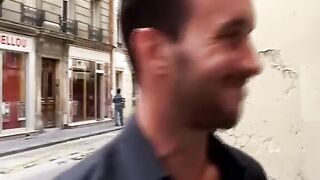 Bella biondina francese inculata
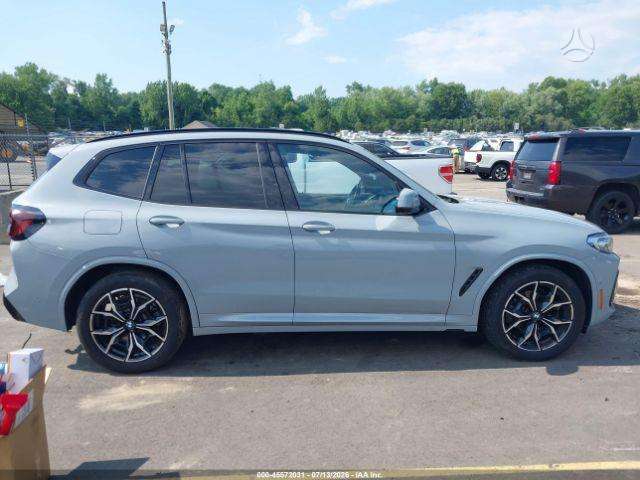 BMW X3.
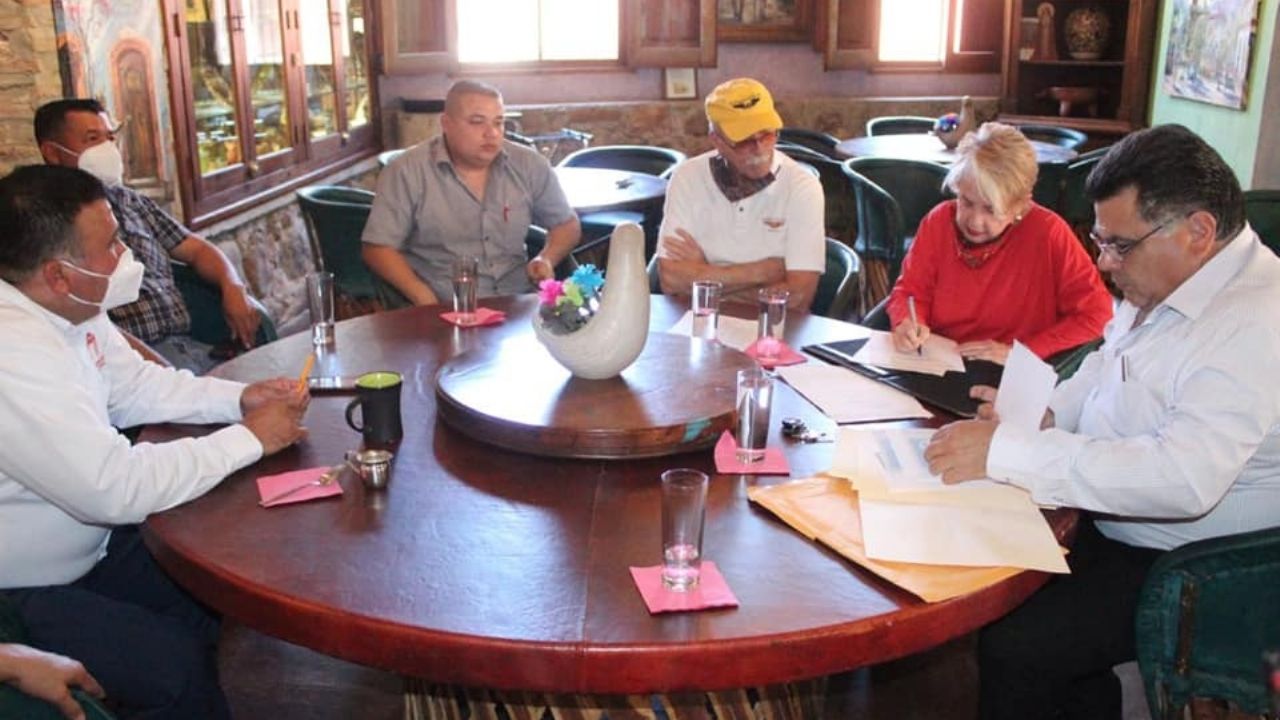 Extranjeros donan terreno a Gobierno de Álamos para un Hospital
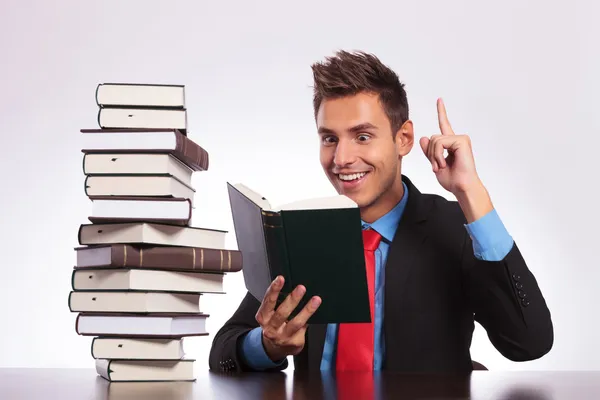 El hombre de la lectura tiene una idea en el escritorio — Foto de Stock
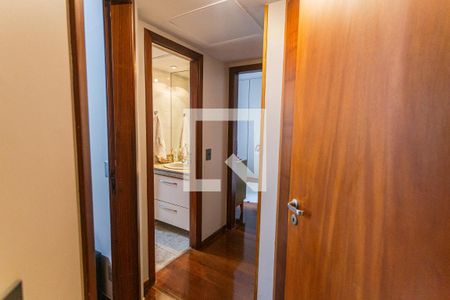 Corredor de apartamento à venda com 3 quartos, 93m² em Lourdes, Belo Horizonte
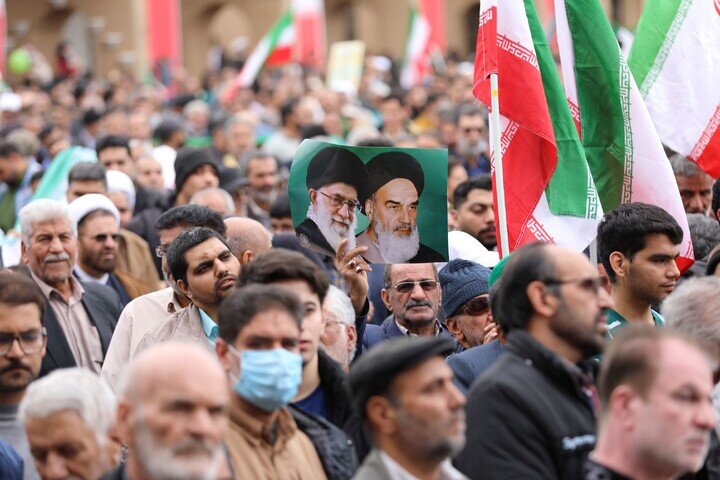 Pawai Nasional 22 Bahman di Iran: Rakyat dan Ulama Bersatu Tegaskan Dukungan pada Pemimpin Revolusi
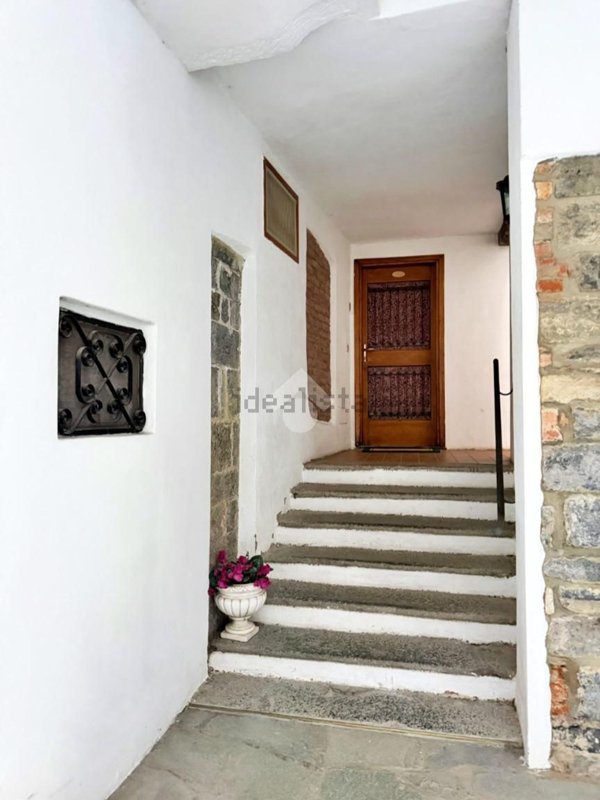 appartamento in vendita a Bellano in zona Ombriaco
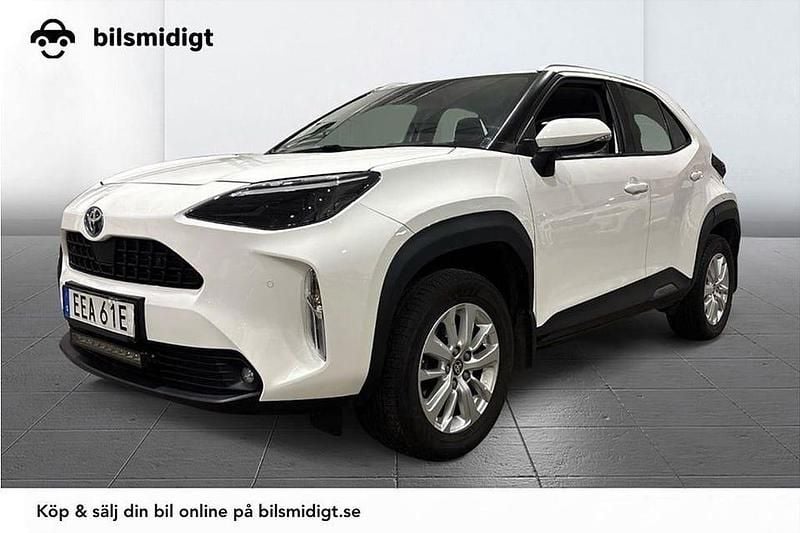 Vit Begagnad 2022 Toyota Yaris Cross SUV | 238 900 kr (Superpris) - Bild 1/3
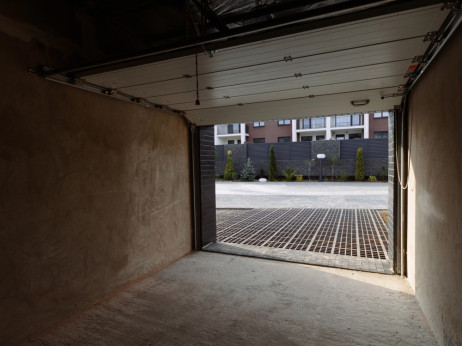 Garaže so novi luksuz: koliko danes stane parkirno mesto in kako donosna naložba so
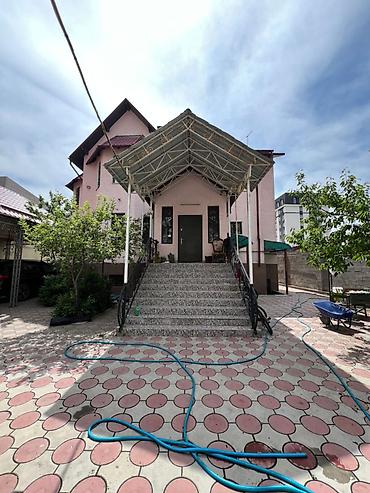 Продажа коттеджей и домов: 🏡 Продаётся: 2-этажный особняк с подвалом — 400 м² 📍 Локация: Бишкек — 1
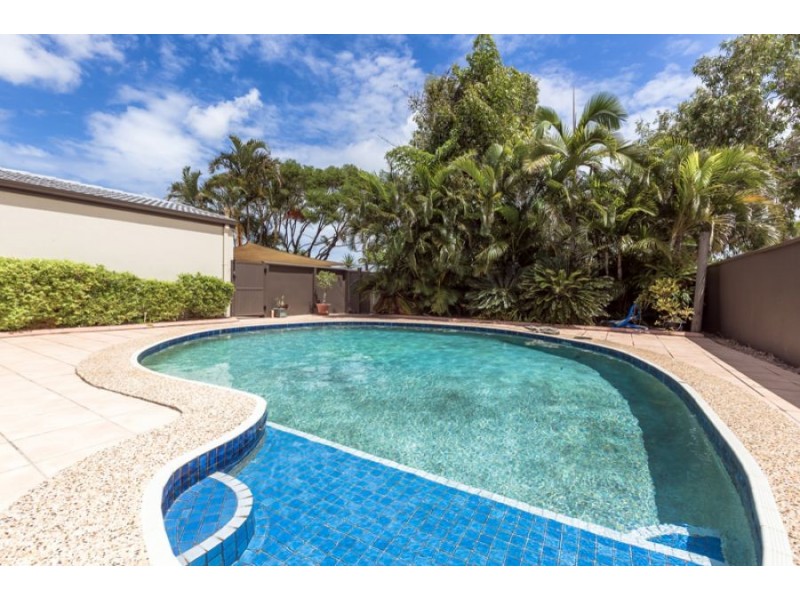34 Balyarta Crescent, Mooloolaba QLD 4557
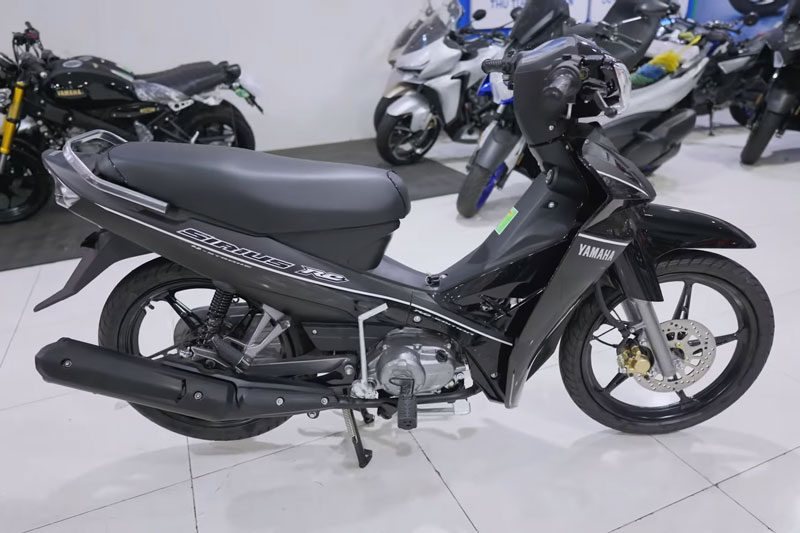 Cận cảnh Yamaha Sirius RC màu đen, giá 21,993 triệu đồng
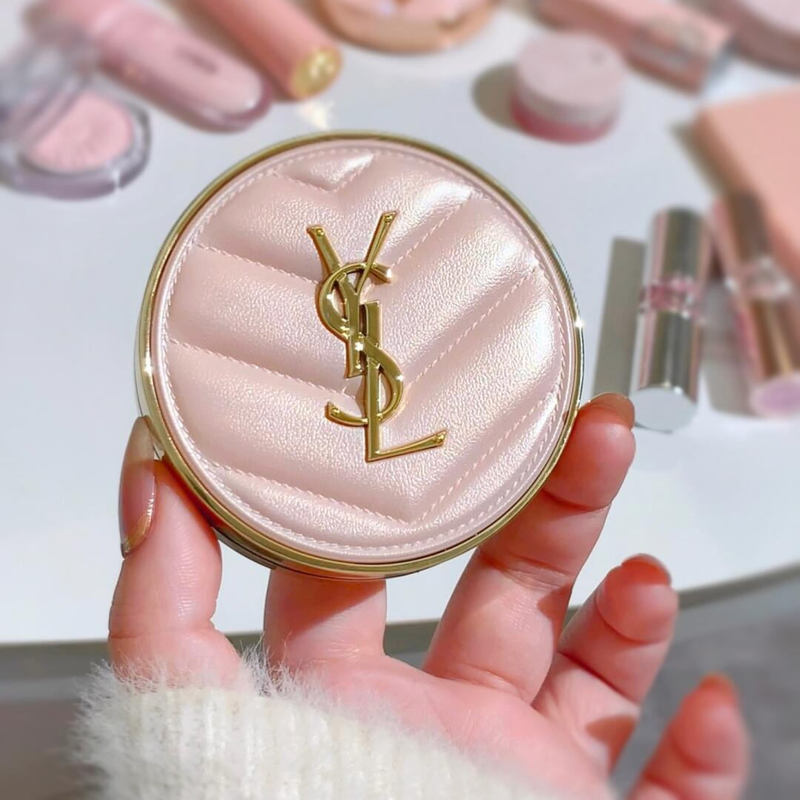 Ysl/Saint Laurent Clear and Weightless Feather/Silver/Pink Leather Cushion Foundation B10/B20/Br10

## About this exercise
Which lines run from the one containing "El hombre de" through the last line of the entries above? Output them exactly, both ends included, with no pictures.

## Problem solution
 El hombre de la lectura tiene una idea en el escritorio — Foto de Stock
 Corredor de apartamento à venda com 3 quartos, 93m² em Lourdes, Belo Horizonte
 Pawai Nasional 22 Bahman di Iran: Rakyat dan Ulama Bersatu Tegaskan Dukungan pada Pemimpin Revolusi
 appartamento in vendita a Bellano in zona Ombriaco
 Vit Begagnad 2022 Toyota Yaris Cross SUV | 238 900 kr (Superpris) - Bild 1/3
 Garaže so novi luksuz: koliko danes stane parkirno mesto in kako donosna naložba so
 Продажа коттеджей и домов: 🏡 Продаётся: 2-этажный особняк с подвалом — 400 м² 📍 Локация: Бишкек — 1
34 Balyarta Crescent, Mooloolaba QLD 4557
 Cận cảnh Yamaha Sirius RC màu đen, giá 21,993 triệu đồng
 Ysl/Saint Laurent Clear and Weightless Feather/Silver/Pink Leather Cushion Foundation B10/B20/Br10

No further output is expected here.